The keynote lecture at this year’s CSAE conference was given by Macartan Humphreys from Columbia Univsersity. Titled ‘Researchers just ran a randomized control trial in Africa and you won’t believe what they found: Reflections on evidence in the age of fake news and discredited expertise‘ the lecture set out to be entertaining and topical at the same time. Lukas Hensel, DPhil student at CSAE, discusses the main takeaway messages of the keynote.

Building on his own experiences, Professor Humphreys began by pointedly describing how publication bias affects what kind of evidence receives most attention. He pointedly described the trade-off between more interesting and more rigorous science. This was followed by a warning the audience of the dangers of a system that rewards interesting and counter-intuitive results while discounting the reliability or replicability of scientific studies during the peer-review process.

Professor Humphreys mentioned several threats to the credibility of scientific evidence in the public sphere. He talked about external validity, communication of research findings and the competition for attention, and causal complexity. He also suggested several potential solutions such as structural estimation, mechanism experiments and pre-registered meta studies, each of them with potential drawbacks and advantages. Concluding he emphasized the importance of coordinated research agendas to ensure comparability and, hence, reliability of evidence produced by social science. It is impossible to summarize the multitude of great insights and arguments by Professor Humphreys in the scope of a blog entry, so I encourage you to watch the lecture yourself (you can watch it again at here).

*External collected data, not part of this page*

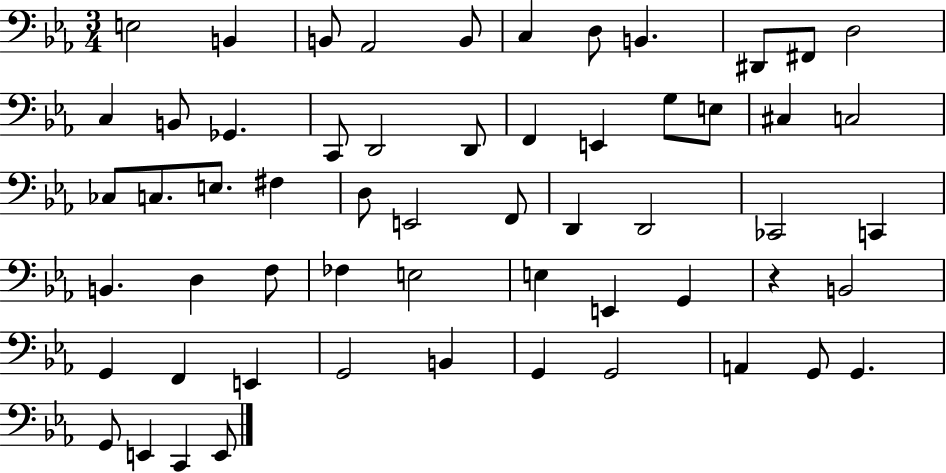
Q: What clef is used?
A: bass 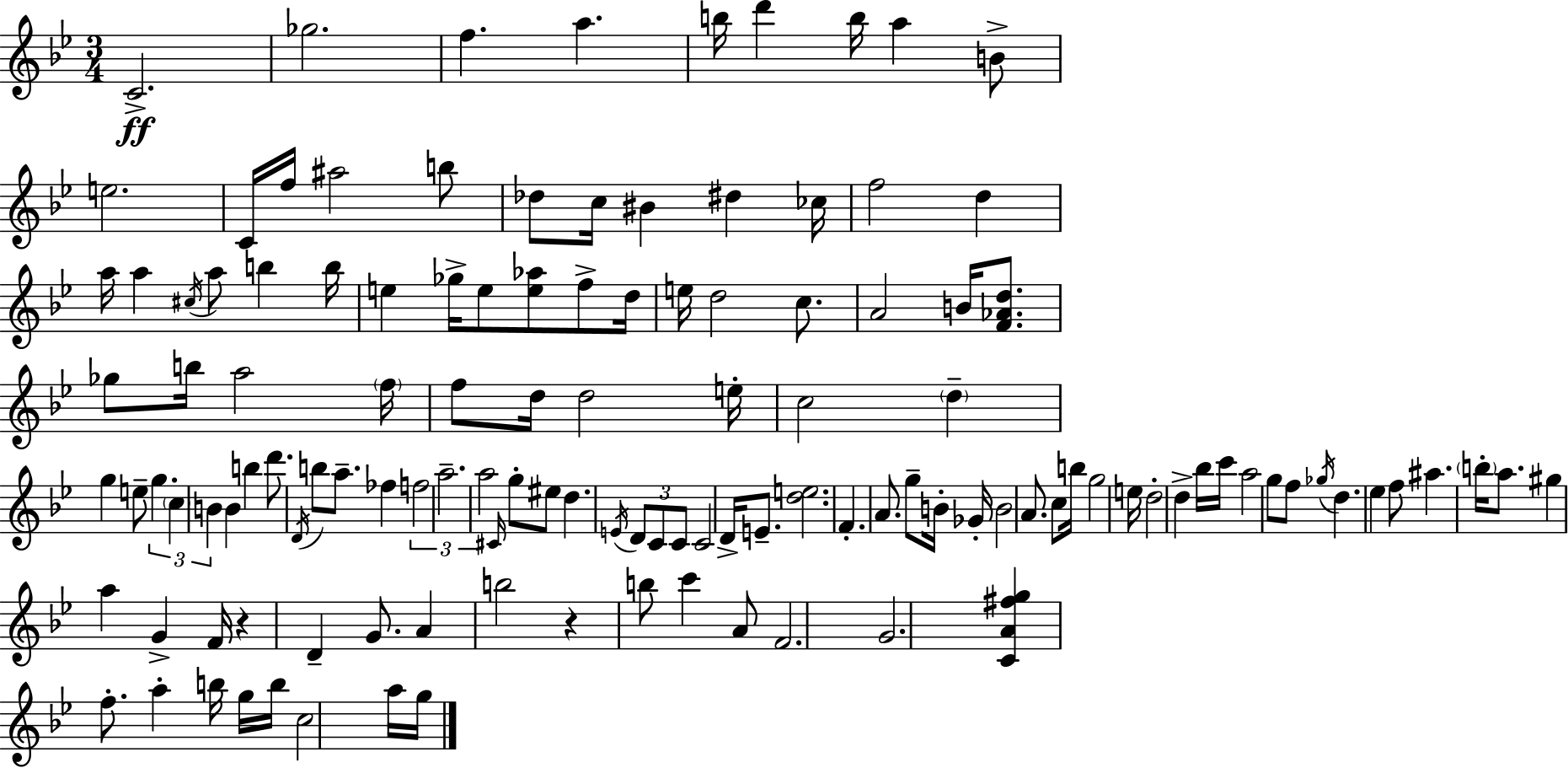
{
  \clef treble
  \numericTimeSignature
  \time 3/4
  \key bes \major
  \repeat volta 2 { c'2.->\ff | ges''2. | f''4. a''4. | b''16 d'''4 b''16 a''4 b'8-> | \break e''2. | c'16 f''16 ais''2 b''8 | des''8 c''16 bis'4 dis''4 ces''16 | f''2 d''4 | \break a''16 a''4 \acciaccatura { cis''16 } a''8 b''4 | b''16 e''4 ges''16-> e''8 <e'' aes''>8 f''8-> | d''16 e''16 d''2 c''8. | a'2 b'16 <f' aes' d''>8. | \break ges''8 b''16 a''2 | \parenthesize f''16 f''8 d''16 d''2 | e''16-. c''2 \parenthesize d''4-- | g''4 e''8-- \tuplet 3/2 { g''4. | \break \parenthesize c''4 b'4 } b'4 | b''4 d'''8. \acciaccatura { d'16 } b''8 a''8.-- | fes''4 \tuplet 3/2 { f''2 | a''2.-- | \break a''2 } \grace { cis'16 } g''8-. | eis''8 d''4. \acciaccatura { e'16 } \tuplet 3/2 { d'8 | c'8 c'8 } c'2 | d'16-> e'8.-- <d'' e''>2. | \break f'4.-. a'8. | g''8-- b'16-. ges'16-. b'2 | a'8. c''8 b''16 g''2 | e''16 d''2-. | \break d''4-> bes''16 c'''16 a''2 | g''8 f''8 \acciaccatura { ges''16 } d''4. | ees''4 f''8 ais''4. | \parenthesize b''16-. a''8. gis''4 a''4 | \break g'4-> f'16 r4 d'4-- | g'8. a'4 b''2 | r4 b''8 c'''4 | a'8 f'2. | \break g'2. | <c' a' fis'' g''>4 f''8.-. | a''4-. b''16 g''16 b''16 c''2 | a''16 g''16 } \bar "|."
} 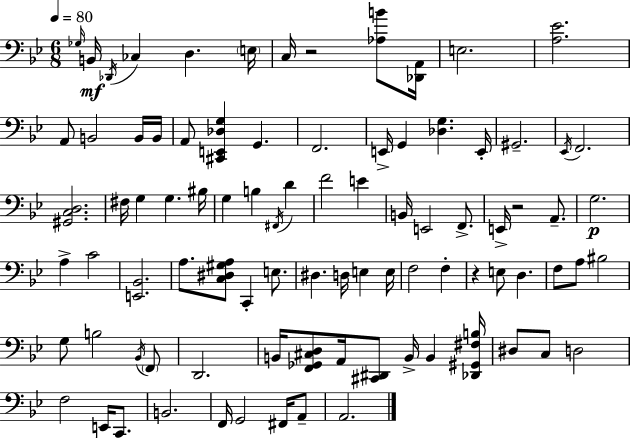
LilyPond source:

{
  \clef bass
  \numericTimeSignature
  \time 6/8
  \key g \minor
  \tempo 4 = 80
  \grace { ges16 }\mf b,16 \acciaccatura { des,16 } ces4 d4. | \parenthesize e16 c16 r2 <aes b'>8 | <des, a,>16 e2. | <a ees'>2. | \break a,8 b,2 | b,16 b,16 a,8 <cis, e, des g>4 g,4. | f,2. | e,16-> g,4 <des g>4. | \break e,16-. gis,2.-- | \acciaccatura { ees,16 } f,2. | <gis, c d>2. | fis16 g4 g4. | \break bis16 g4 b4 \acciaccatura { fis,16 } | d'4 f'2 | e'4 b,16 e,2 | f,8.-> e,16-> r2 | \break a,8.-- g2.\p | a4-> c'2 | <e, bes,>2. | a8. <c dis gis a>8 c,4-. | \break e8. dis4. d16 e4 | e16 f2 | f4-. r4 e8 d4. | f8 a8 bis2 | \break g8 b2 | \acciaccatura { bes,16 } \parenthesize f,8 d,2. | b,16 <f, ges, cis d>8 a,16 <cis, dis,>8 b,16-> | b,4 <des, gis, fis b>16 dis8 c8 d2 | \break f2 | e,16 c,8. b,2. | f,16 g,2 | fis,16 a,8-- a,2. | \break \bar "|."
} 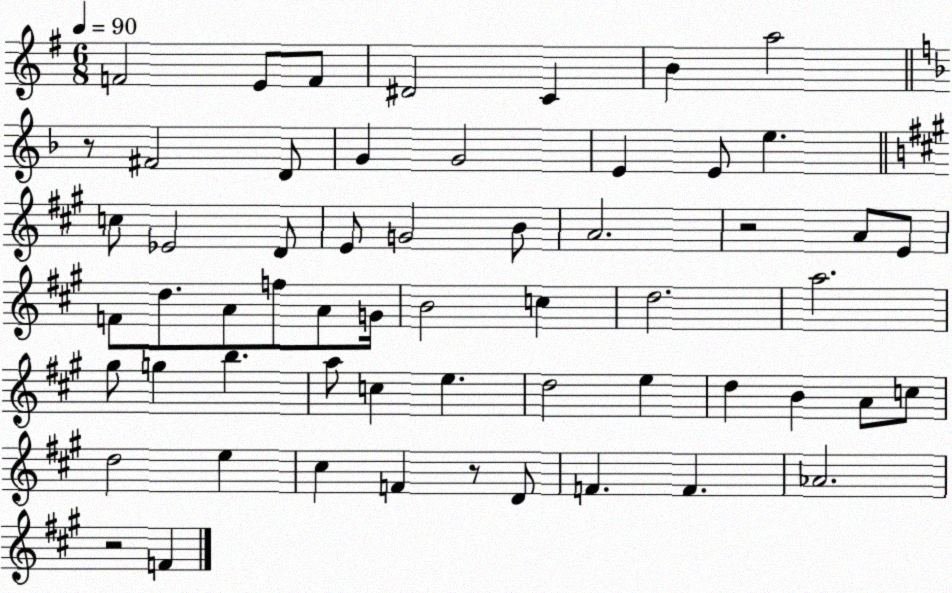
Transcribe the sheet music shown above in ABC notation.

X:1
T:Untitled
M:6/8
L:1/4
K:G
F2 E/2 F/2 ^D2 C B a2 z/2 ^F2 D/2 G G2 E E/2 e c/2 _E2 D/2 E/2 G2 B/2 A2 z2 A/2 E/2 F/2 d/2 A/2 f/2 A/2 G/4 B2 c d2 a2 ^g/2 g b a/2 c e d2 e d B A/2 c/2 d2 e ^c F z/2 D/2 F F _A2 z2 F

Instead I would like to elaborate on the issue of causal complexity mentioned by professor Humphreys. He went into some depth on the role of mediating variable for causal inference and I was curious what we can learn from political scientists in this area. They seem to have thought about this problem quite a bit, but my impression is that economists do not usually think of mediating variables in the same way. The figure below is taken from Acharya et al. (2016) and depicts conceptual framework of how mediating variables interact with the treatment effect.

The intermediate confounders Z is not observed and are the threat to identification in an experimental context. The pretreatment confounders X are only important for non-experimental studies. This framework allows a distinction direct treatment effect (red-dashed line) and an indirect effect through the mediator. Thinking within this framework could help experimental development economists to better understand treatment effects and heterogeneity in cases when the treatment is sufficiently complex to have multiple potential mechanisms, but the data is not rich enough to allow structural estimation. With assumptions about the relationship between treatment and mediator and the role of intermediate confounders, statistical testing of the hypothesis that the treatment effect is exclusively mediated to the mediator is possible (without those assumption identification is impossible as emphasized by Professor Humphreys). I am not sure how useful this test is in practice, but I think it can be an interesting addition to our tool-kit. If you have any experience with this, I would be very curious to hear about it.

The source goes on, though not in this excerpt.